Die Schaffung von neuen, antidemokratischen Governancestrukturen und -verfahren, die – wie der
vorgeschlagene Regulierungsrat – „Regulierungen harmonisieren“ sollen, würden TTIP und andere
Abkommen zu ‘lebenden’ Abkommen machen („living agreements“), die ständig im Geheimen von nicht
gewählten Bürokrat_Innen und Vertreter_Innen des Big Business weiter entwickelt würden. Diese
undemokratischen Strukturen drohen wichtige Standards und Regeln zum Schutz öffentlicher Interessen
abzusenken oder sie verbieten zukünftige Verbesserungen, unabhängig davon, ob sie notwendig sind oder
es ein öffentliches Mandat dafür gibt.

• Erkenntnisse aus Lobbydokumenten der Wirtschaft und Industrie offenbaren, dass der Fokus auf
nichttarifäre Handelshemmnisse und regulatorische Konvergenz genutzt wird, um Deregulierung,
vermehrte Investitionsgarantien, verstärkte Monopolbildung an geistigen Eigentumsrechten und
letztlich einen Unterbietungswettlauf voranzutreiben.

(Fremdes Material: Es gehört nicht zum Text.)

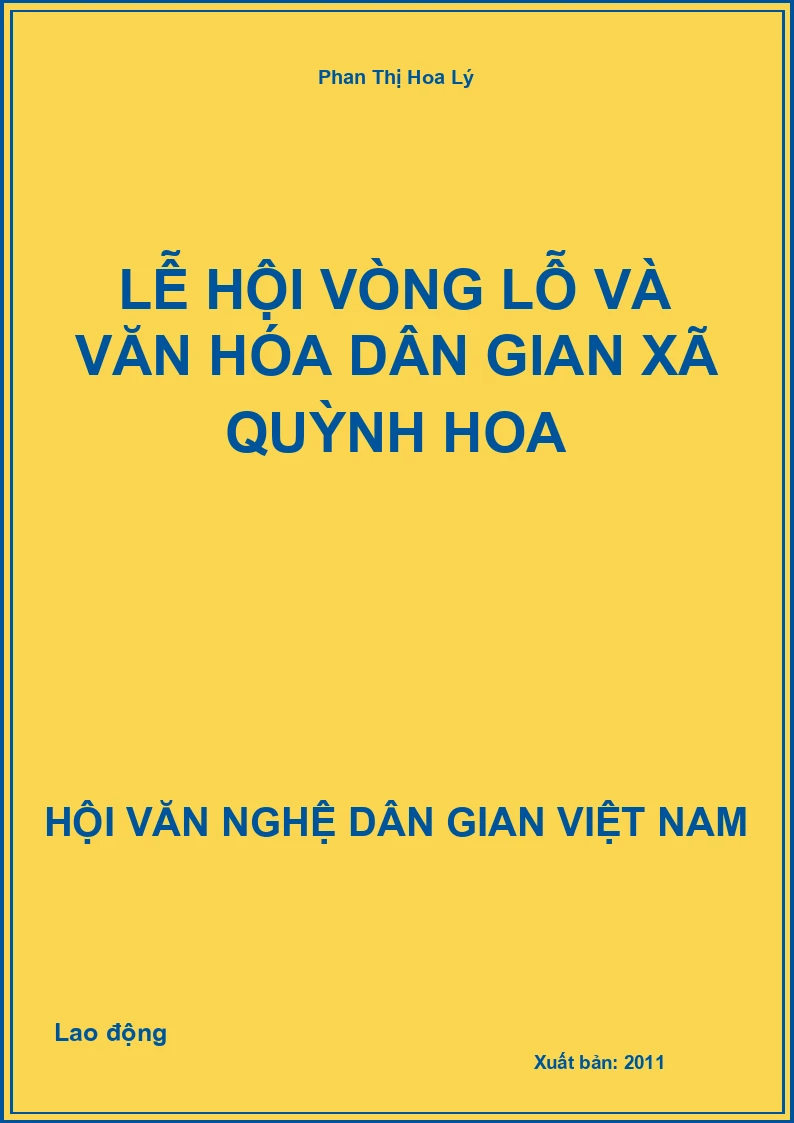 Lễ Hội Vòng Lỗ Và Văn Hóa Dân Gian Xã Quỳnh Hoa
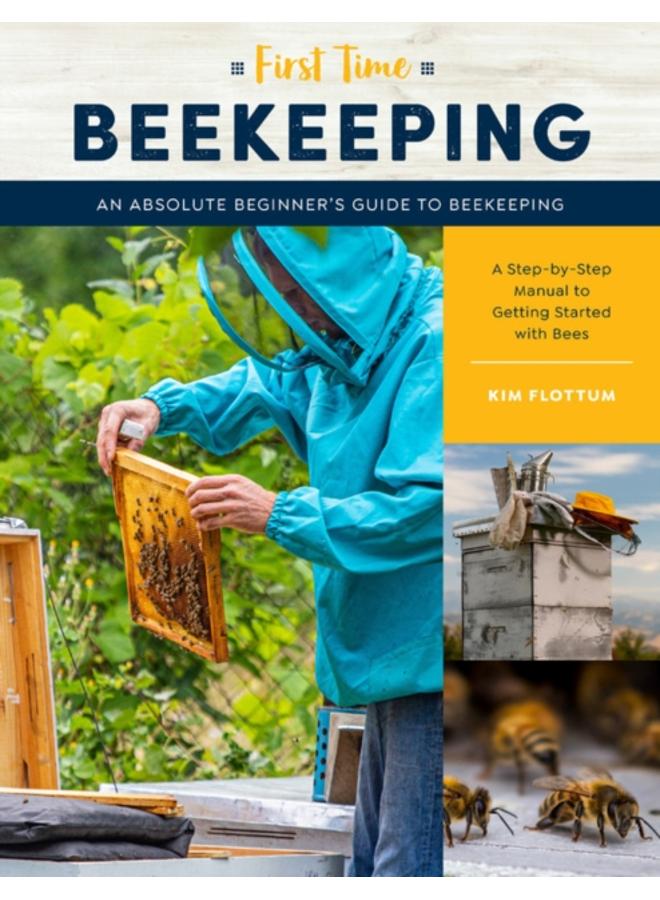 First Time Beekeeping : An Absolute Beginner's Guide to Beekeeping - A Step-by-Step Manual to Getting Started with Bees Volume 13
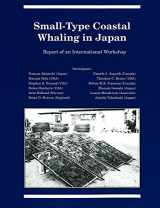 9780919058750-0919058752-Small-Type Coastal Whaling in Japan: Report of an International Workshop (Occasional Publications Series (Inactive))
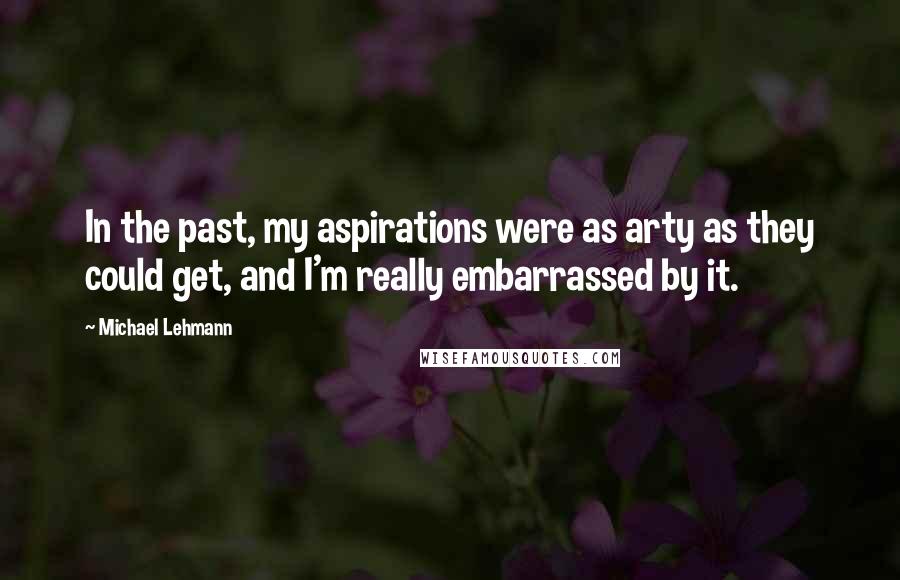 Michael Lehmann Quotes: In the past, my aspirations were as arty as they could get, and I'm really embarrassed by it.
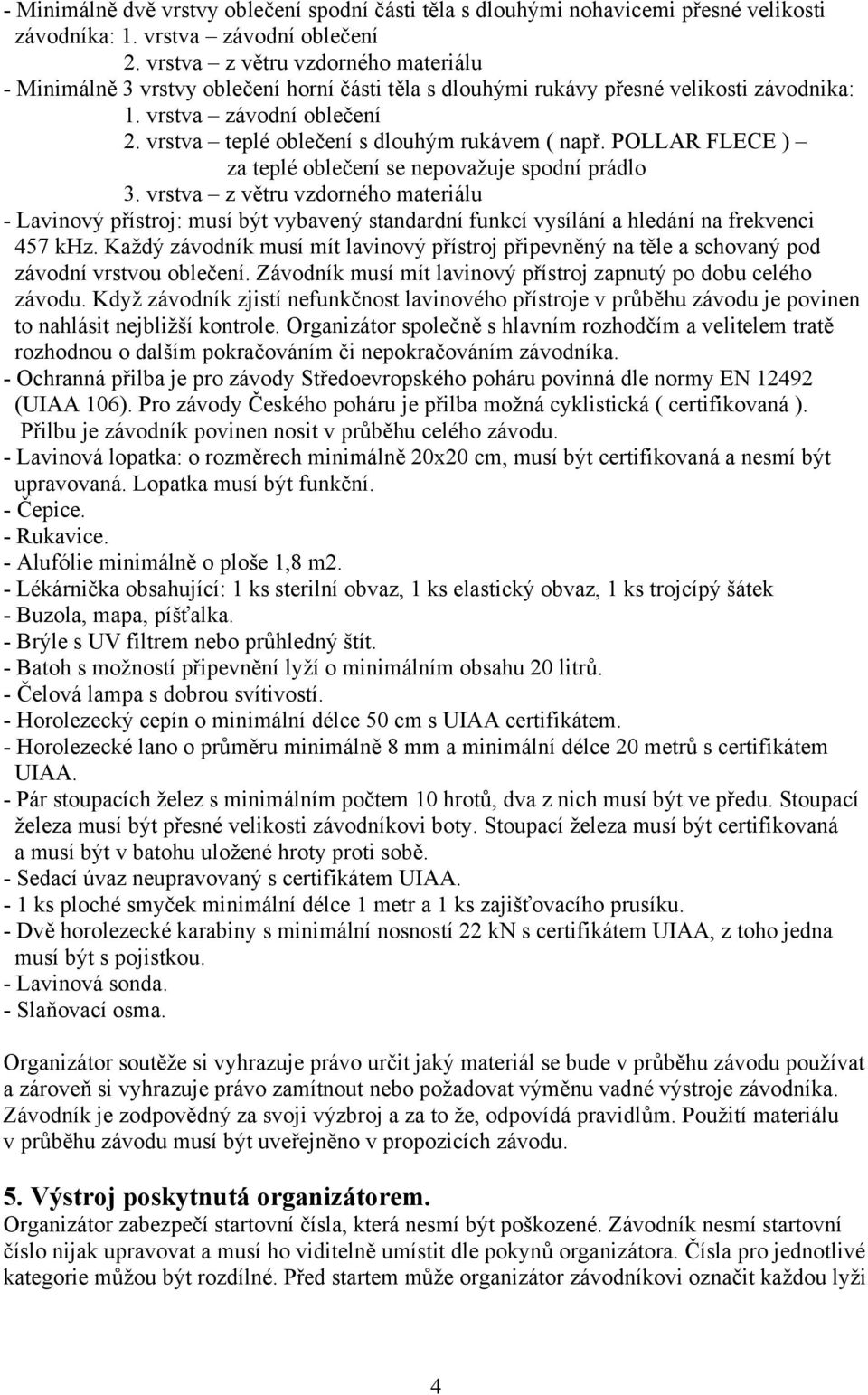 vrstva teplé oblečení s dlouhým rukávem ( např. POLLAR FLECE ) za teplé oblečení se nepovažuje spodní prádlo 3.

Wir fordern Sie auf, ein klares und starkes Signal an die Verhandlungsführer_Innen zu senden, dass das
Europäische Parlament TTIP und andere gleichartige Handels- und Investitionsabkommen ablehnen wird
(so z.B. das EU-Kanada Abkommen CETA), weil sie nicht dem öffentlichen Interesse dienen und weil sie
fundamentale Grund- und Freiheitsrechte bedrohen, die in langen demokratischen Kämpfen errungen wurden.